The Wellness Data That Matters Most

Data, data, data. There’s a lot floating out there. And sometimes it’s hard to separate the good from the bad. When it comes down to it, health and wellness data should allow you to gain valuable insights, make decisions, and take actions that lead to your desired outcomes. It should help you do at least one of these three things:

  1. Plan
  2. Communicate
  3. Measure impact

If your data does none of these, chances are it will sit on the shelf or in your inbox. So then, what are the types of data you should be gathering and analyzing?

Best data

The best wellness data provides information about what is actually happening with your employees. It eliminates guessing games and highlights areas where you might choose to intervene.

Top medical conditions and prescription

This data shows what conditions are affecting employees and how they use prescriptions, as well as what the biggest costs are to the plan. It’s meaningful to slice this data by highest cost and highest prevalence, as both are important. Several actions you may take with this data include:

  • Tailor well-being programs for the top conditions of employees (i.e., a campaign on diabetes maintenance and prevention).
  • Evaluate carrier products and other partners who assist members with chronic conditions.
  • Make changes in prescription plan design that decrease financial barriers to refilling maintenance and preventive medications.
  • Route members to less expensive providers and services based on top conditions and associated care.
  • Provide targeted benefit communications for certain segments of your population (i.e., by location or business unit).
  • Develop consumer-driven education that connects to members’ financial well-being, which, as a side effect, has a positive impact on the plan.

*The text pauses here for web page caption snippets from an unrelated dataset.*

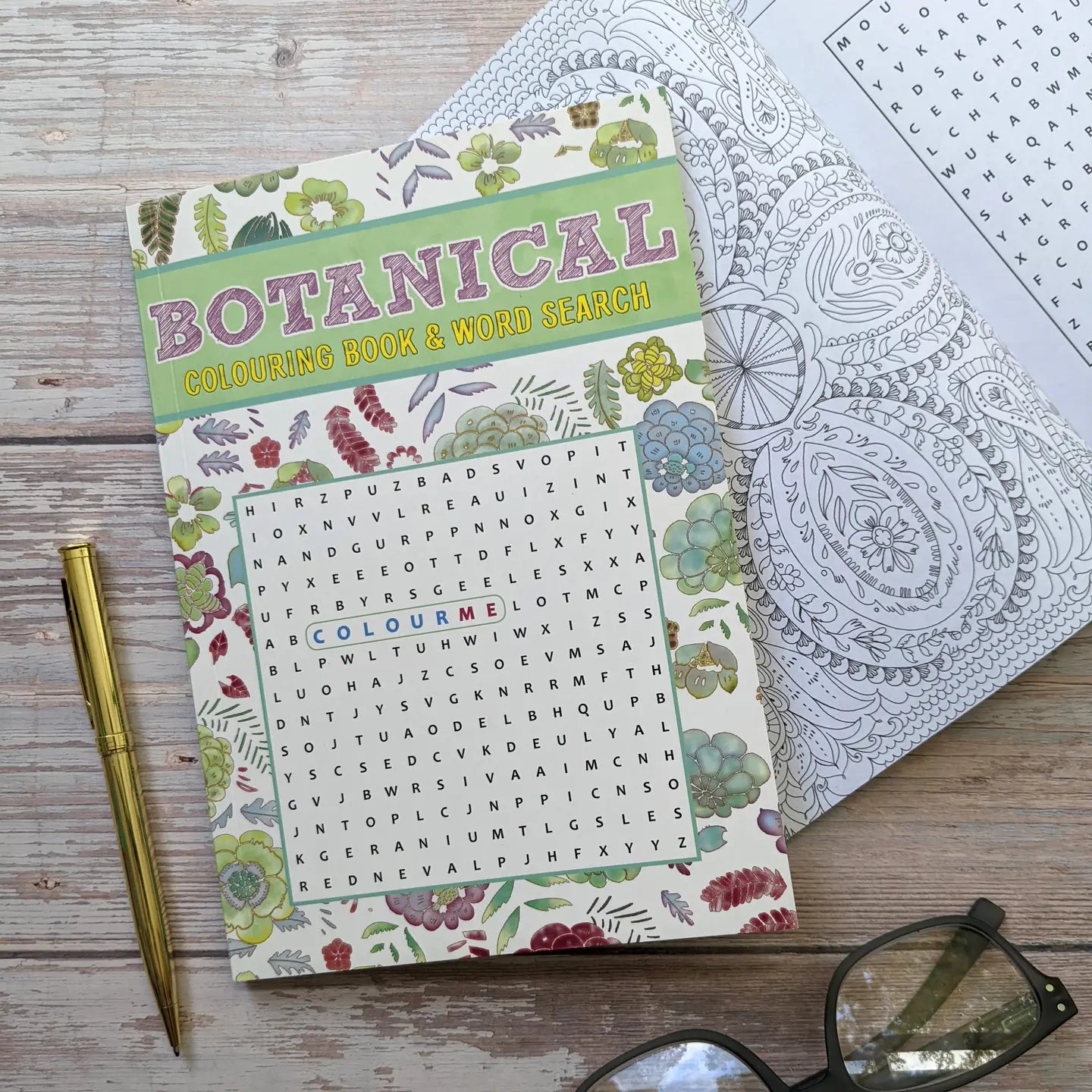 Grown Up Colouring and Word Search book with botanical designs and 52 puzzles.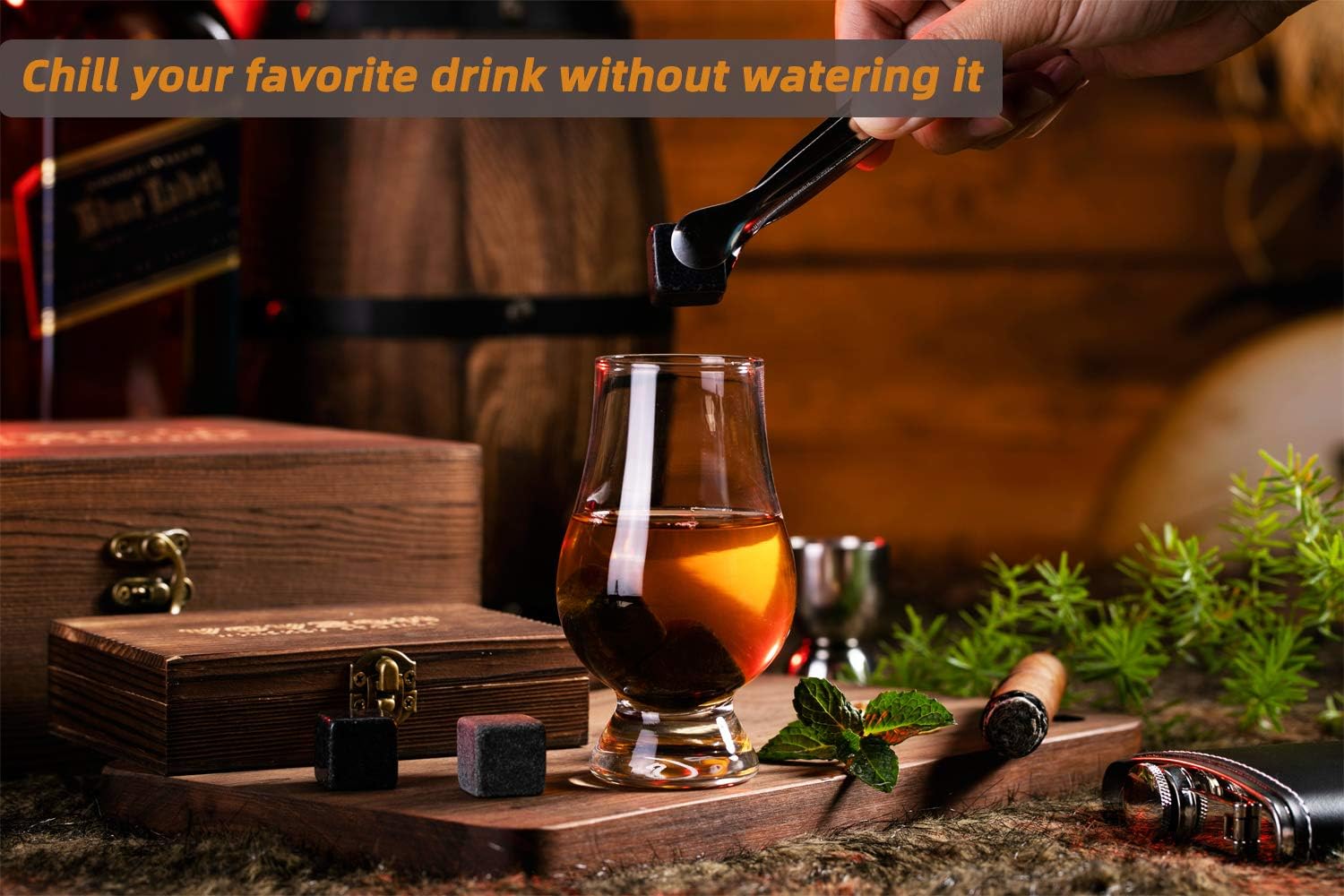 VOVZON Whiskey Chilling Stones Gift Set for Men, 9 Whisky Scotch Bourbon Stones in Wooden Box - Image 4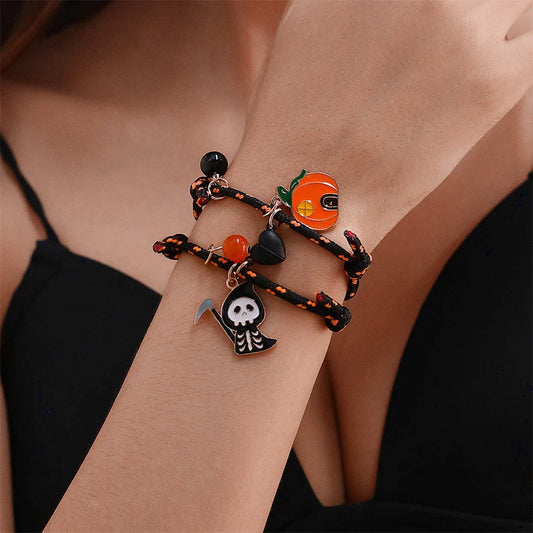 Set of 2 Pumpkin Grim Reaper Friendship Elastic Cord Bracelets - Pumpkin Skull - BFF Best Friends - Halloween Heart Magnetic Pendant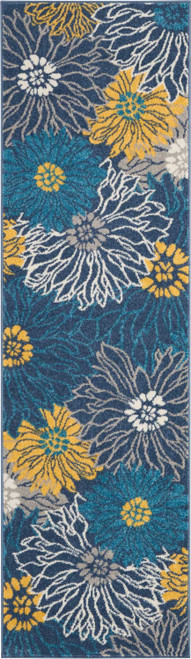 8' Blue And Gold Floral Runner Rug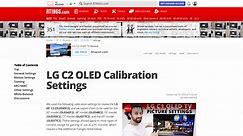 LG C2 OLED Calibration Settings
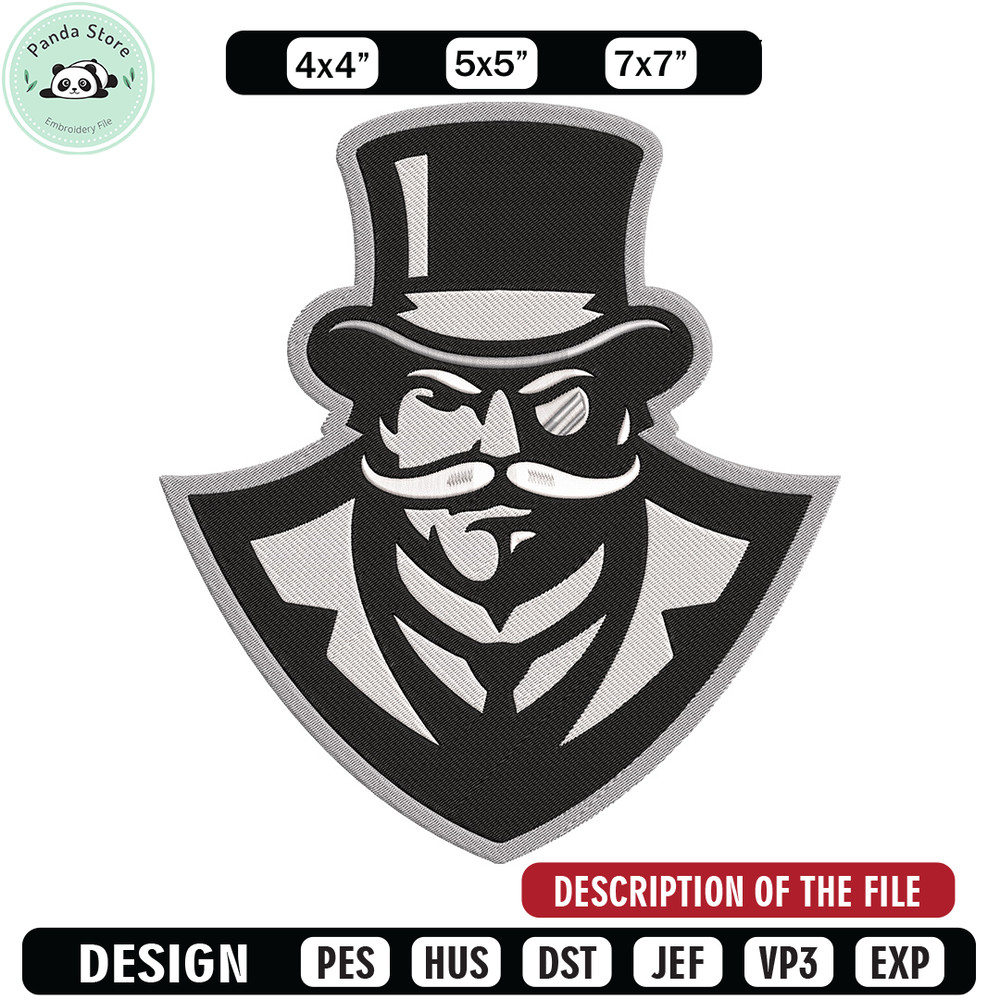 Austin Peay State logo embroidery design, NCAA embroidery, Sport embroidery,logo sport embroidery, Embroidery design 1.jpg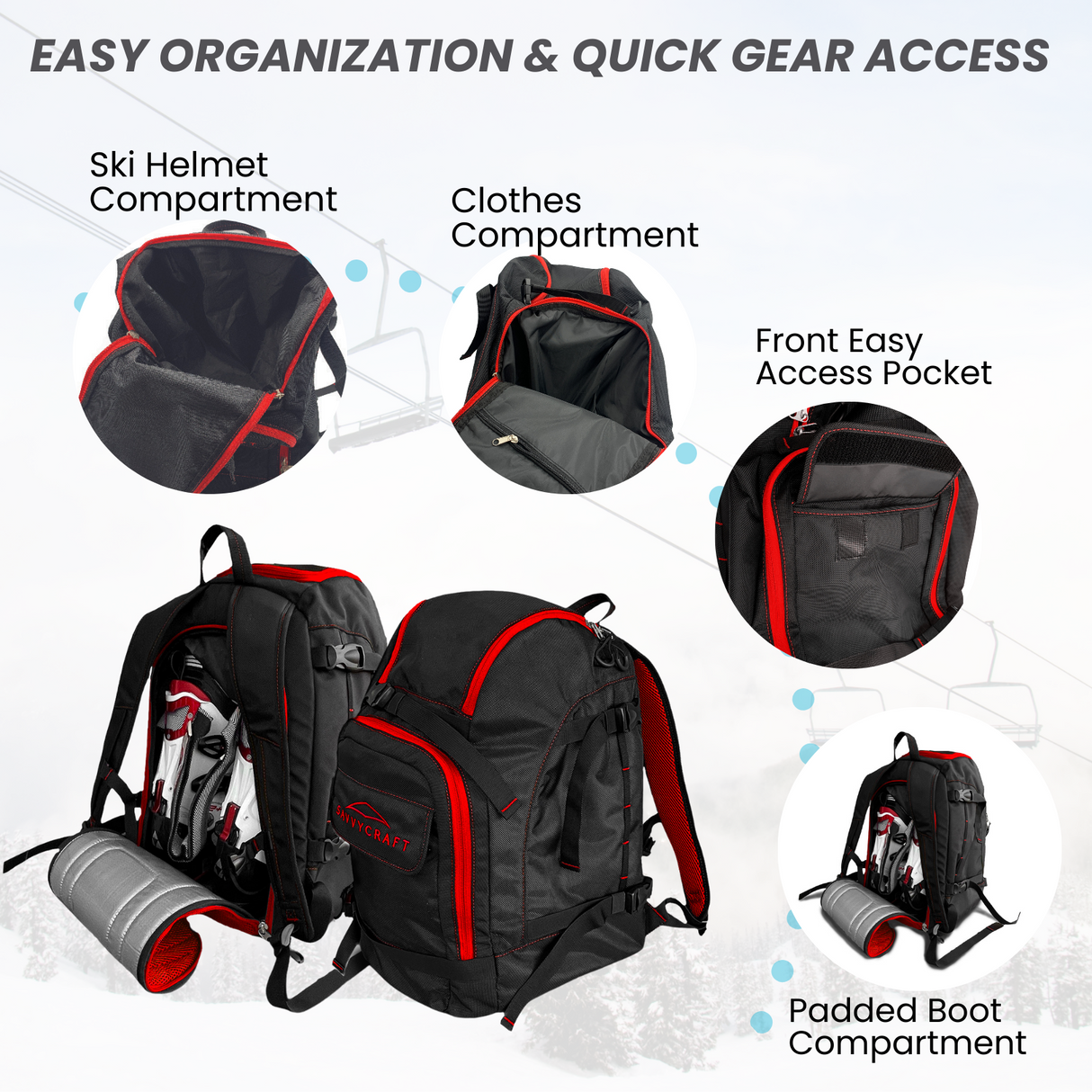 SavvyCraft® Ski Boot Bag Snowboard Boot Bag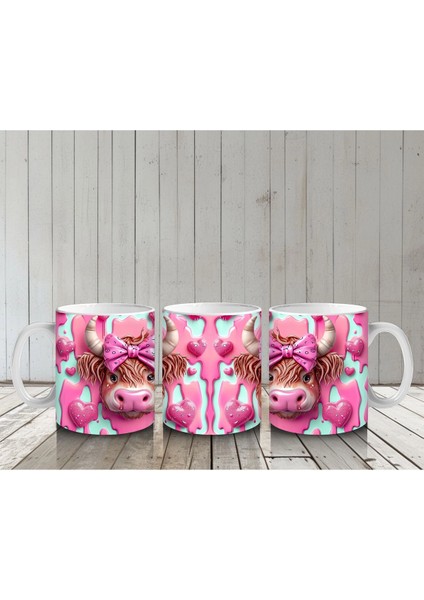 Fuşya Kurdeleli Sevimli Boğa Çifti - Baskılı Kahve Kupası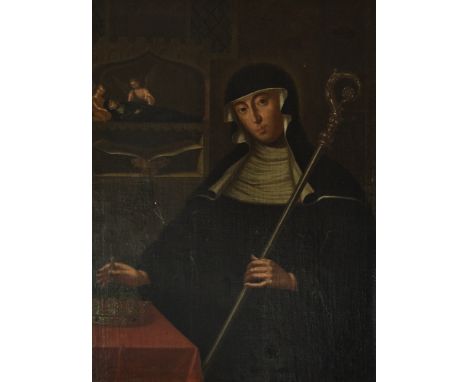 Sakralmaler (wohl 17./18. Jh.), "Heilige Walburga", Öl auf Leinwand auf Karton, 98 x 74, mehrere restaurierte Leinwandbeschäd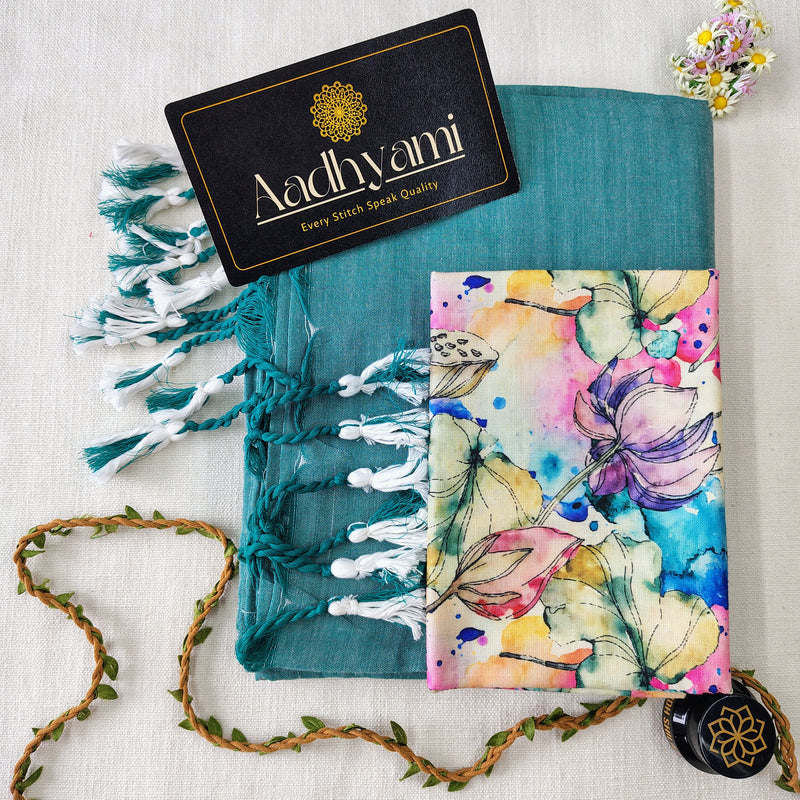 C Green Handloom Cotton Saree With Designer Blouse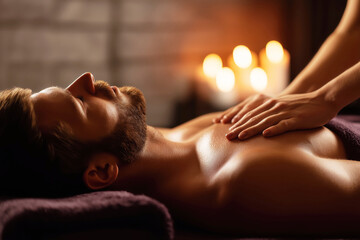 man gets a body massage at a massage salon. A male lies on a couch during relaxing massage in spa salon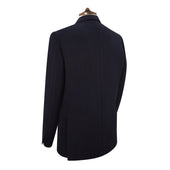 William Navy Wool and Cotton Herringbone Jacket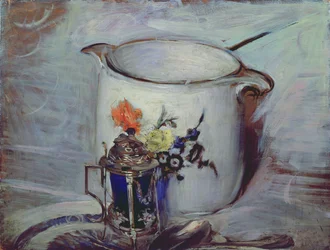 Nature morte avec pot de moutarde et pichet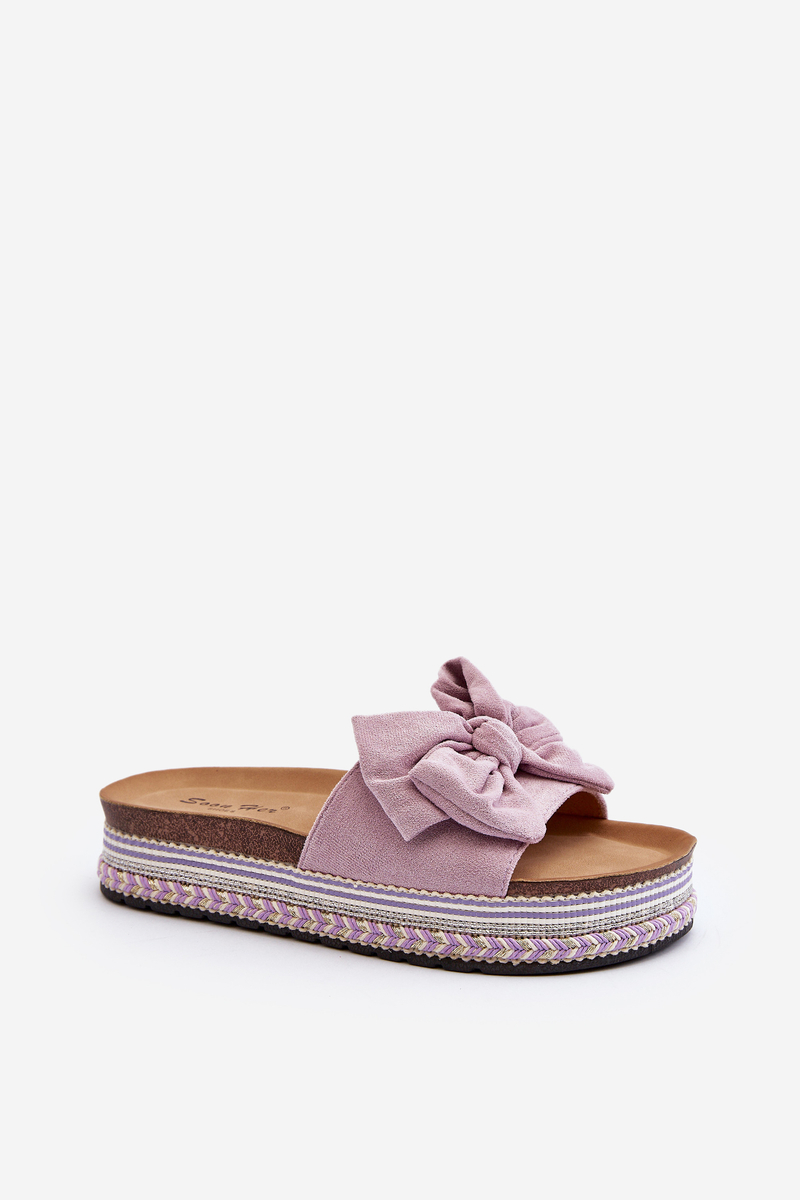 Women's platform slippers with bow, purple Evatria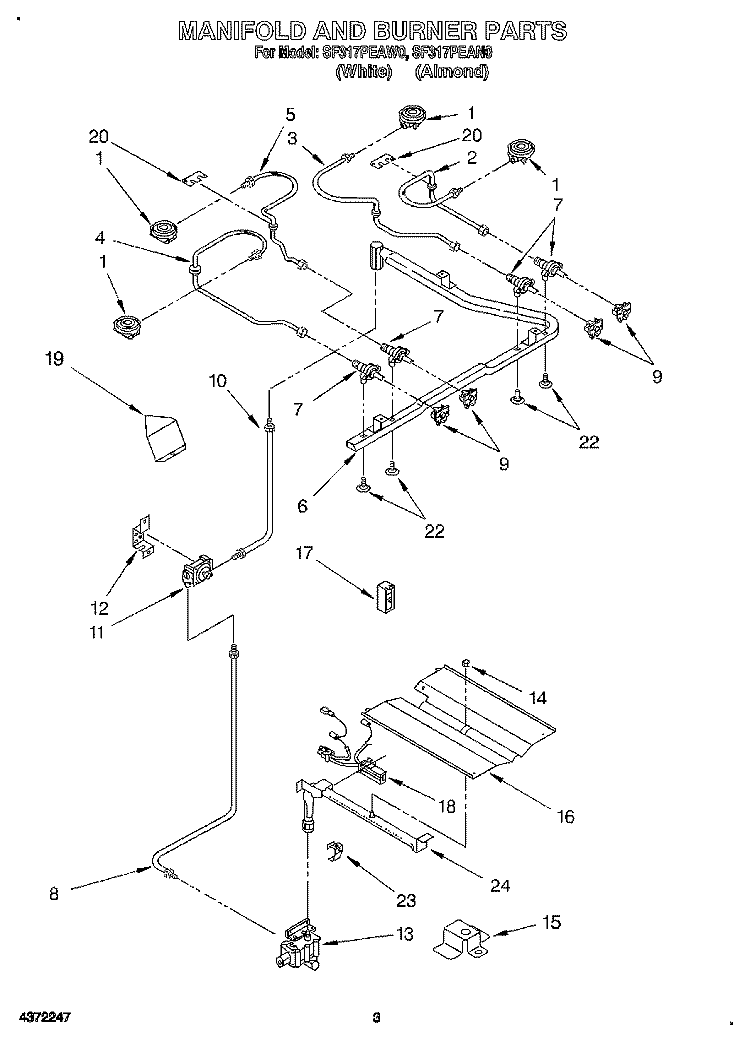 MANIFOLD AND BURNER, OPTIONAL Diagram and Parts List for SF317PEAW0  Whirlpool Range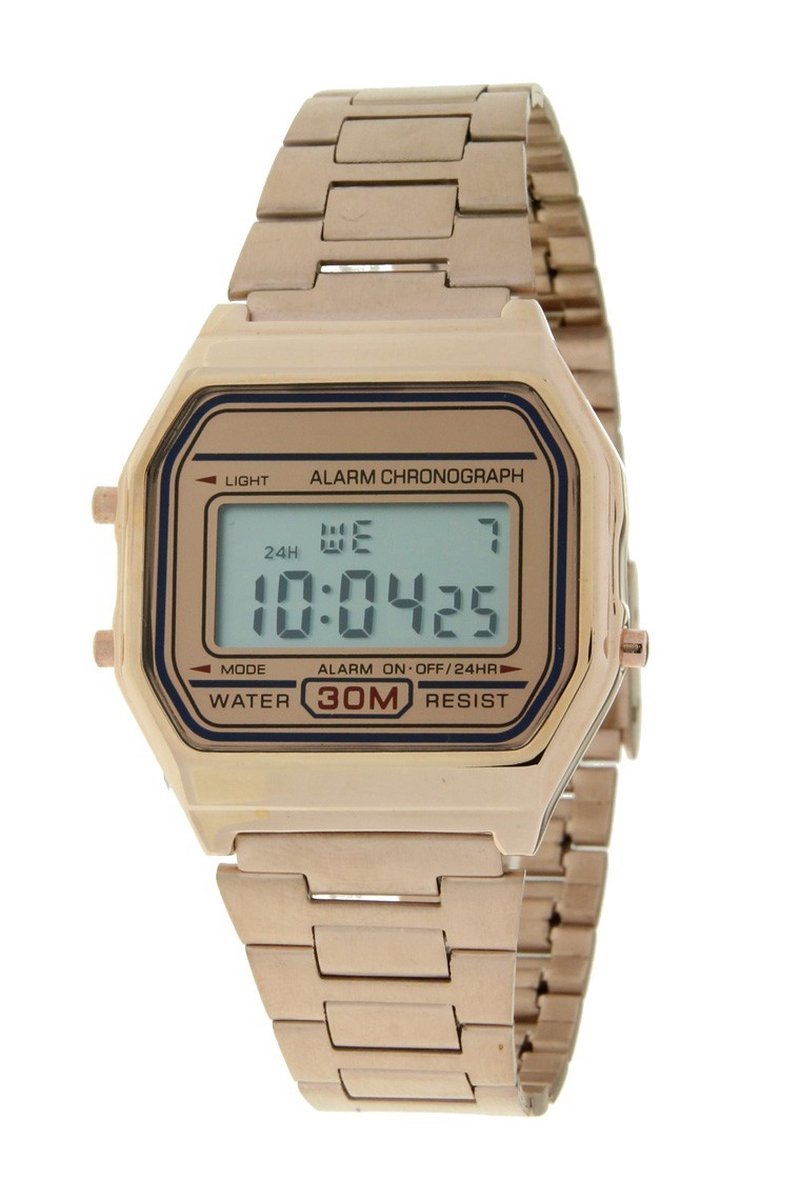 Horloge Old Skool Rosé- Ernest - Inclusief Batterij - Volledig RVS - Dames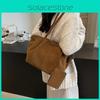 Minimalist Urban Style Pu Tote Bag Withsolid Color Suede Design For Work And Leisure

Compliance and adherence to care

When a member has been formally diagnosed with a chronic condition, such as diabetes, high cholesterol, or coronary artery disease, a care plan is assigned to the patient. This care plan includes recommended actions they should take throughout the year to remain compliant with the care of the condition. Depending on your organization’s size, funding, and data analytics tools, you can see the top gaps in care for certain diseases and conditions.

The actions you take here might be similar to some of those above. Knowing the top gaps in care can also pave the way for communication around disease management. For example, you might choose to highlight resources available through the health plan that would assist with diabetic care, including A1c screenings in the doctor’s office, affordable testing supplies, and vision exams. Most often, a communication of this nature would go out as a blanket notice to all employees.

Better data

Better data is especially helpful to supplement “best”data, because it starts to look at employee behavior, rather than hard statistics and dollar amounts.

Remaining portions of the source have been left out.